We would like to do a course about SW development with Python, preferably an online course, so that we can start at our own pace.

We don’t want a Python course, but would instead like a course more about SW development. It would be great if it were in Python because we are comfortable with it.

The interesting topics would be:

object-oriented programming

functional programming

design patterns

good coding practices
As well as other important topics such as:

Testing

Documenting

Version control

Working in a team with version control
The course doesn’t have to contain all these topics. It can be also several courses or it can be toy-projects from somewhere.

Learning how to develop software

I have very little familiarity with courses as I’ve usually been tasked with figuring out how to do things before others have gotten to it. Of late, I’ve been teaching courses, not taking them.

So, how did I learn what I know about software development? When I started writing software, there was nothing available online, outside of a bunch of GeoCities pages (one of which was mine). MSDN was on CDs or local help files.

I read some books, OOSC and OOSC2, as well as the Gang of Four’s Design Patterns. I can’t remember what else, but that’s partly how I leveled up my skills. I had the great fortune of being able to build and work on large frameworks, from which I drew many lessons. I worked with very good people, who challenged me and taught me a lot.

Nowadays, I use DuckDuckGo as my online reference. I have developed a relatively advanced skill at searching for what I’m looking for. I very often get it within minutes. I almost never use videos.

a primary skill in software development is to be able to imagine what you should be looking for. That is, you don’t have to know how to do everything without looking it up, but you do have to imagine that it might exist.

For example, I don’t know how to write automated tests in Python, but I know that it should be possible. I know that I should figure that out very early in my experiments with Python. I know what to expect from an automated-testing environment. I know which settings to look for and expect.

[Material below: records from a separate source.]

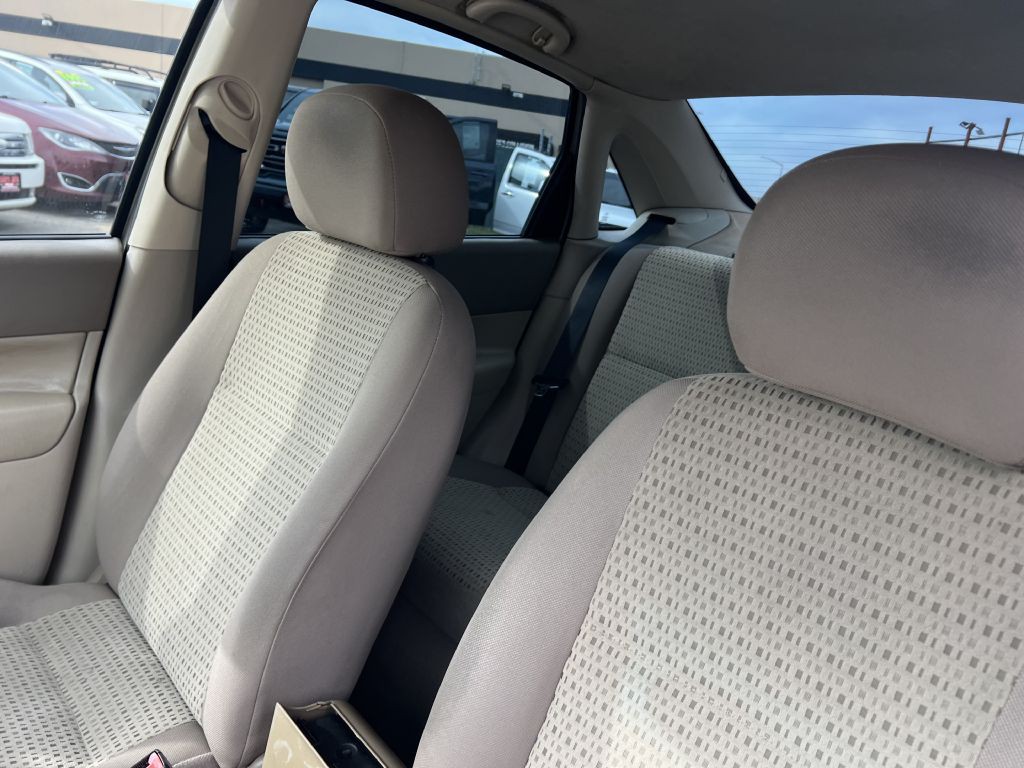 2006 Ford Focus Image 9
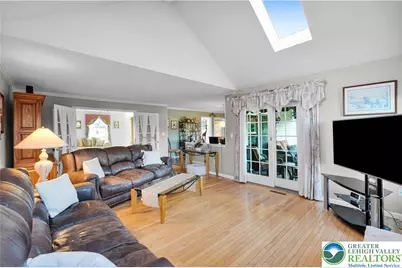 3755 Lindy Drive, North Whitehall Township, PA 18069 - Photo 12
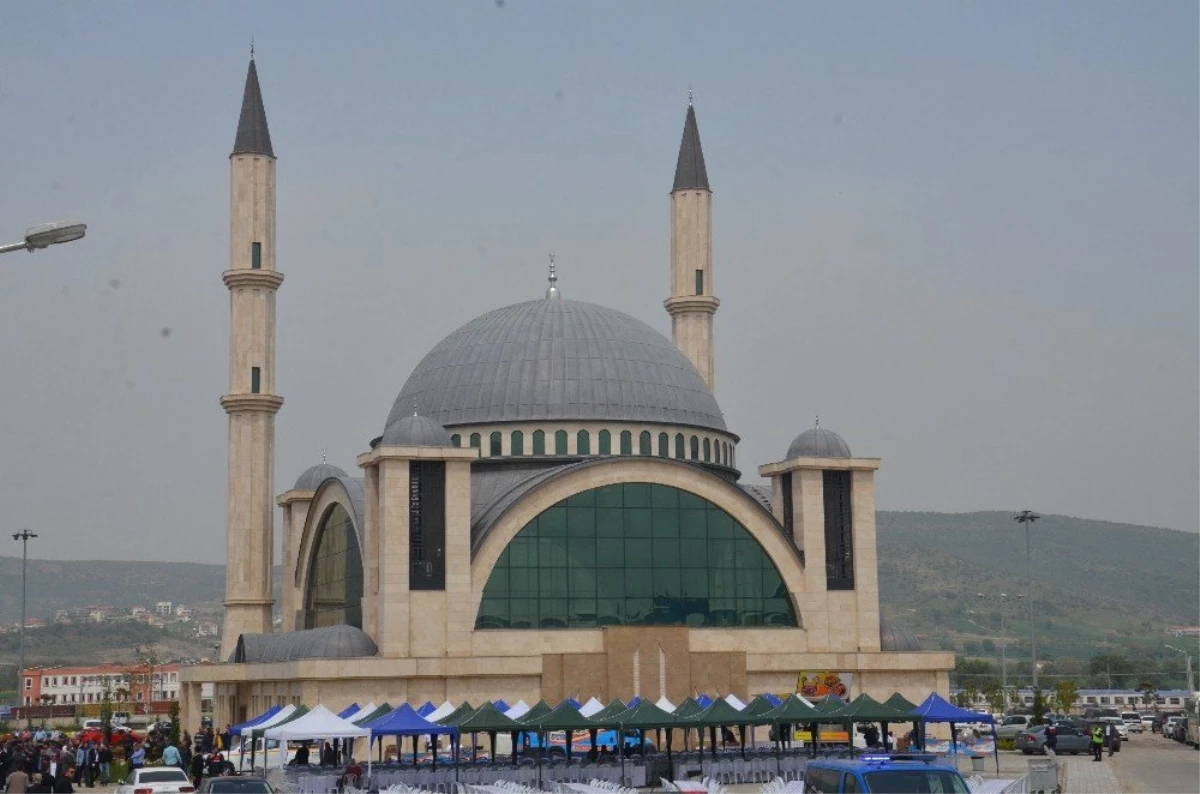 Hacı İsmail-Hafız Güzide Uğur Cami İbadete Açıldı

That kind of knowledge transfers from one language or development environment to another. I know that I code-completion makes me faster, I know that I would like to avoid runtime errors—how can I best use Python to achieve those ends?

Online Courses

I took a quick look around for online courses, but was not immediately convinced that I am equipped to be able to distinguish between scams and actually worthwhile courses. Does the course even mention general software-development principles? How much time is allocated to that?

Udemy

The Complete Software Engineering Course with Python (Udemy) looks as follows:

Udemy Python Software Course

Only about 1% of students even bothered to rate the course
The pricing fees high pressure and scammy
The course descriptions are barely in English

What about general programming?

Udemy Software Engineering Lecture: 9.5 minutes

Just over nine minutes? And you can’t even be bothered to describe it in something approaching well-written English? No, thanks.

PluralSight

The course Learning To Program − Part 2: Abstractions (PluralSight) looks a bit more professional, but it still has some quirks (especially for $29 per month).

PluralSight Details

Overall more professional than Udemy, but also seems to have been incompletely translated from French
Still, there’s definitely more time dedicated to core concepts

There is an assessment that you can take, but you have to sign up first.

PluralSight Assessment

Maybe PluralSight is able to tell you which courses you need, but I doubt it will err on the “you need fewer courses” side.

Dometrain

Update on 2023-10-06: added the section below

I’ve recently heard from a source I’ve been watching for a while that this course is quite good for C# developers: From Zero to Hero: Test-Driven Development in C# by Guilherme Ferreira. The person recommending it releases quite interesting/advanced videos on YouTube and has his own range of courses at DomeTrain.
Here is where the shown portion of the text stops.